Netflix’s Culture Explained
This legendary slide deck (circa 2009) outlining Netflix’s culture is making the rounds again as Reed Hastings, CEO of Netflix, is releasing his book No Rules Rules, a tell-all exploration of how and why Netflix succeeds. There are a number of tenets here that were certainly innovative and controversial when first released, and it’s clear to see how Netflix retains its high performance culture when all the incentives are properly aligned.
Some key takeaways:
Netflix’s culture won’t work for just any company. In fact, it won’t work for most companies, because it necessitates attracting and retaining top talent - that means paying high performers absolute top-of-market salaries. By the law of normal distributions, very few companies can actually do this.
Netflix treats its organization like a sports team, not so much like a family. While they do retain superstars, their obsession with getting the absolute best person for the job means a high turnover rate is common, and performance goes further than loyalty alone.
People are constantly competing, not within the company (avoiding the cannibalistic practices that marked Ballmer-era Microsoft) but with the broader market for the role. This is a surefire way to avoid complacency, but also a track to burnout for all but the most gifted and driven.
Netflix avoids the overhead of process and bureaucracy by simply having better people, a “fourth option” that sounds a bit to me like “if all men were angels, no government would be necessary”, alongside the principle “we only hire angels”.
It also helps that the stakes are, all things considered, quite low; if something goes wrong at Netflix, your movie night may be interrupted, but livelihoods are not at stake. This is entertainment, not rocket science.

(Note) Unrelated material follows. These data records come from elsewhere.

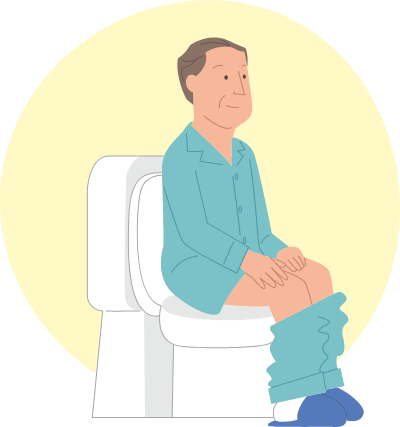 イラスト：病室でのトイレについて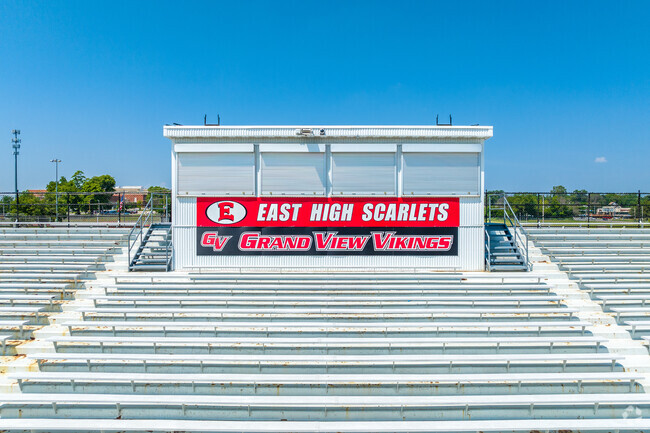 East High School is home to the Scarlets, and Scarlet pride is strong throughout Capitol Park.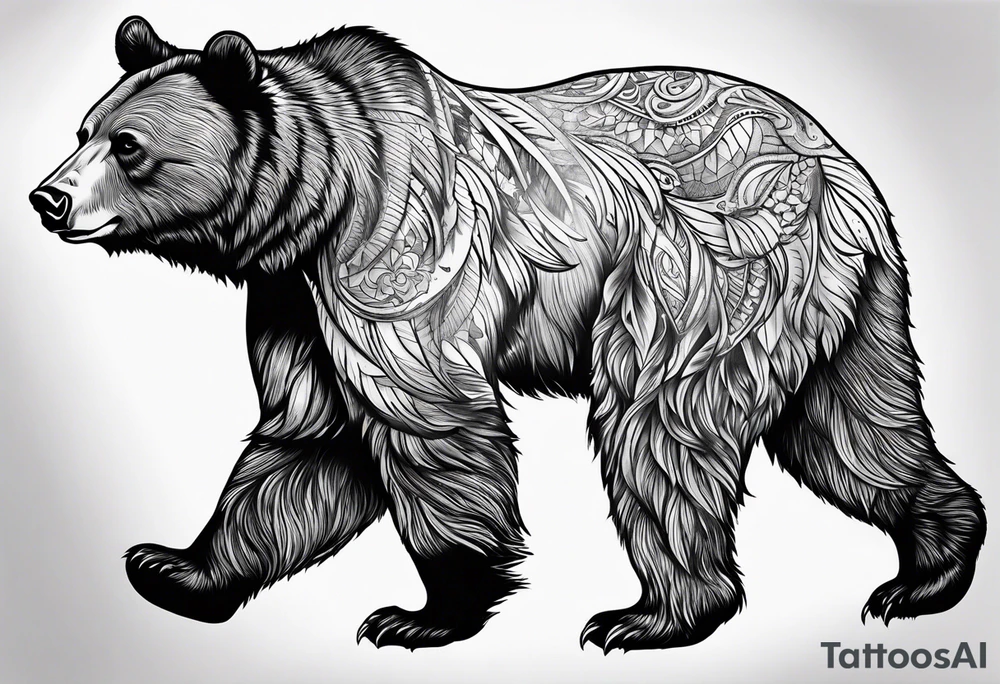 Dancing bear tattoo idea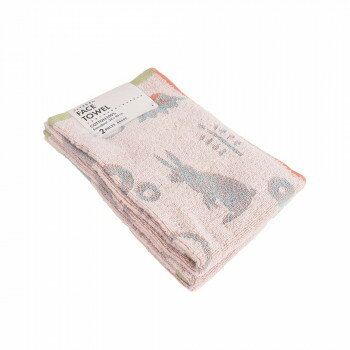 無撚糸ボスケットフェイスタオル2枚組 ピンク SI-24325-2PK【メーカー直送：代金引換不可：同梱不可】..
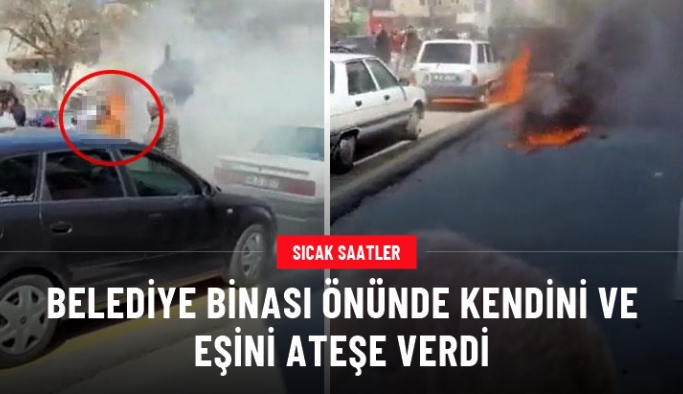 Kayseri'de belediye ile yol yapım anlaşmazlığı yaşayan adam kendini ve eşini ateşe verdi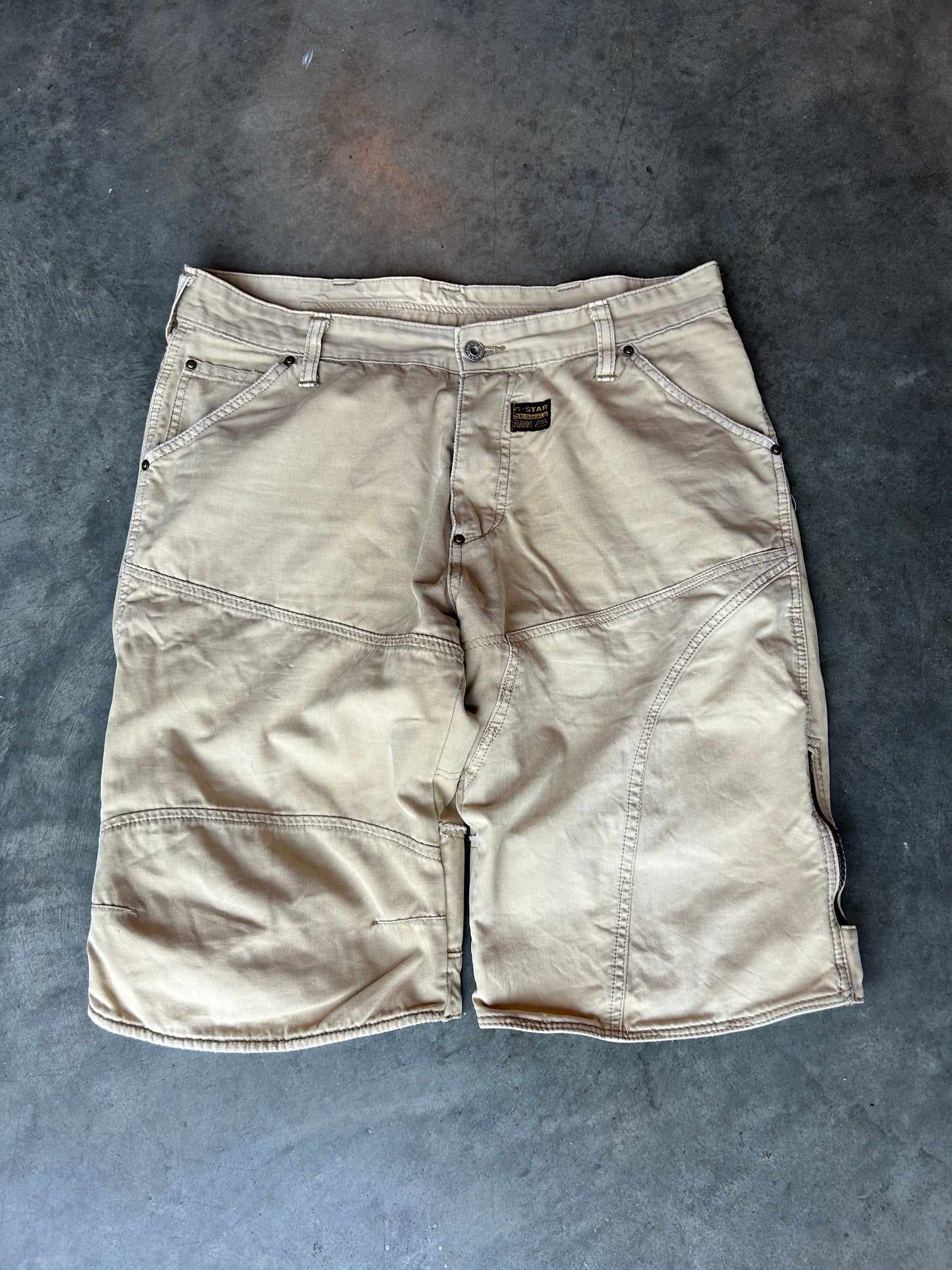 Y2K GStar Tan Cargo Shorts (36W)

There are absolutely lessons that teams at other companies can take from Netflix, particular the focus on context (well informed and incentivized employees) over control (micromanagement). But many things that work for the culture at Netflix only work because it is Netflix, which gets to the broader point: every team should regularly undergo the sort of principles/values-first evaluation that brought Netflix to its cultural pillars, as these success stories are so rarely one-size-fits-all.
More tidbits
Everything you wanted to know about Elon Musk. This “profile dossier” by Polina Marinova has condensed just about every major article and writeup about the prolific entrepreneur and technologist for you to revisit anytime you need some otherworldly inspiration. I’ll be working my way through it for at least the next week.
The Wuhan I Know. A charming hand-drawn “profile” of the city of Wuhan by Laura Gao. Though it has entered the global spotlight by association with COVID-19, this cute portrayal of Wuhan’s history and culture is an ode to the “Chicago of China” that deserves recognition.
Wait But Why: The Fermi Paradox. Tim Urban, aka Wait But Why produces some amazingly approachable writeups of a vast variety of topics that I’ve been binging this week. The Fermi Paradox attempts to make sense of humanity’s place in the vast universe, and why we have yet to encounter other intelligent life. Though there are obviously no answers, this mind boggling, universe-level thinking always helps to put my own problems in perspective.
Note from me: as time goes on, I’ll be iterating on different formats and lengths for this newsletter. To be transparent, this is as much a way for me to organize my own thoughts as it is meant to be shared with others, so don’t expect too much consistency in how I operate. If you do like the content, please give me feedback and share it with more people who might find it interesting!
As always, hope you and yours are staying safe.